Now: I absolutely cannot have more yarn in my apartment. It's already a major problem. I'm already enacting desperate measures to lessen the stash I have.
So I figured this was a good opportunity to use up yarn just come through the front door and stash-reduce a bit at the same time. I started before I went on my vacation to Iceland, got right back to it as soon as I returned, and worked throughout the week. And when I was done (about ten minutes ago), this was the result:
What you see in the above photo are six leaf-shaped facecloths, six leaf coffee cup cuffs, and six broken-rib, buttoned coffee cup cuffs. The creamsicle variegated, cream with pastel flecks, and lavender yarn are all from the yarn bombing. The rest is stash-busting, and it would be nice to say it made a dent, but mostly it just kept things at the status quo.
The broken-rib cuffs are my own pattern, as much as such things can even be a pattern. I wanted something that was interesting-looking, quick, and not too stretchy, but a little bit. The "pattern" goes like this:
- Using worsted-weight yarn and 4.5mm or so needles, CO 15 sts.
- Row 1: K across.
- Row 2: K1, *yf, sl 1 pwise, yb, k1, rep from * to end. Note: yf and yb do not go over the needle, just between the points.

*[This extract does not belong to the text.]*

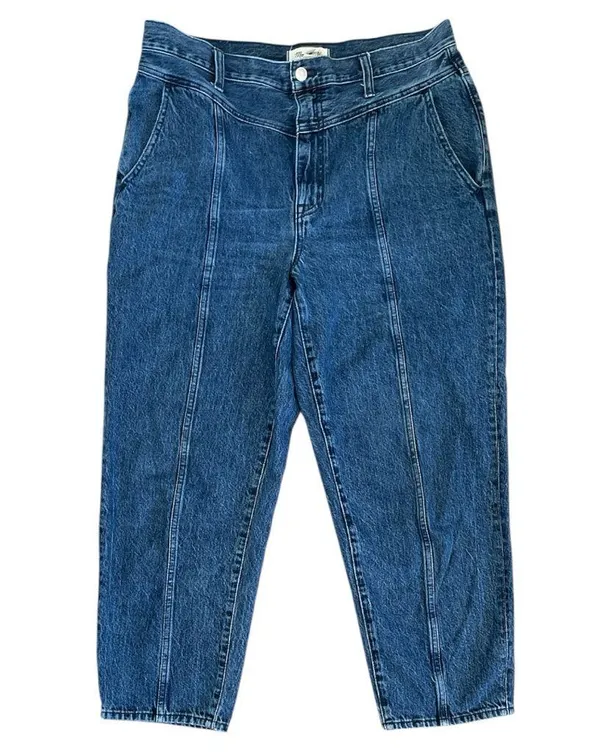 Madewell Ballon Jeans In Stanford Wash Size 30 - Image 4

- Repeat Rows 1 & 2 for about 20cm (38 repeats for my gauge). Check against a sample coffee cup — this part should reach around the circumference with very little overlap. Note that the stitch pattern tends to be tighter at one row-end than the other — this is okay, since coffee cups are cone-shaped anyhow, and gives your cuff a shaped top and bottom.
- Buttonhole Row: K3, *sl 1 st pwise to right-hand needle, sl next st pwise to right-hand needle, lift first st over second st, rep from * 2 or 3 times, depending on your gauge and the width of your buttons. CO 2 or 3 sts (the same number you cast off) using the thumb or cable method. K3 or 5 (again, depending on how many you cast off for the buttonhole), then work another buttonhole. K3.

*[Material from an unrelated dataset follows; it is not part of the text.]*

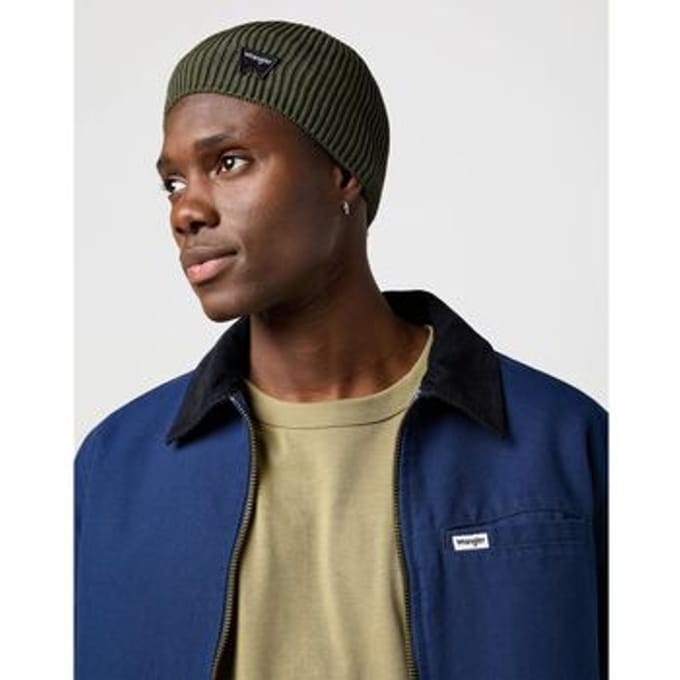 Hoed Wrangler 112372412 EASY BEANIE-IVY GREEN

- Next row: work row 2 per normal, treating the CO sts just like normal sts (some will just be slipped. That's okay.).
- Repeat Rows 1 & 2 twice — 5 rows above buttonhole row. Cast off. I used a backstitch cast-off so the ends would match nicely.
- Finish ends and sew on two buttons.
Tomorrow all of these will get randomly placed on people's desks, and I'll send out an e-mail to the team explaining where they came from and how it's using up the yarn bombing. I still have about 300g of variegated acrylic to use up, but that hasn't told me what to do with it yet.
For those who will want to know: each piece takes about forty-five minutes to make. The broken-rib cuffs are slightly faster to knit, but have the extra time for adding the buttons on. The leaf cuffs are probably the fussiest, because each of the four leaves is self-finished, which means there are eight ends to darn in at the end, plus one seam to sew the first leaf to the last. Each 50g skein of Bernat cotton yielded one facecloth and two cuffs, with only three or four metres left over.
This little mini-project shows how much I'm into the aspen/birch leaf motif lately. I get the feeling there will be more examples to come.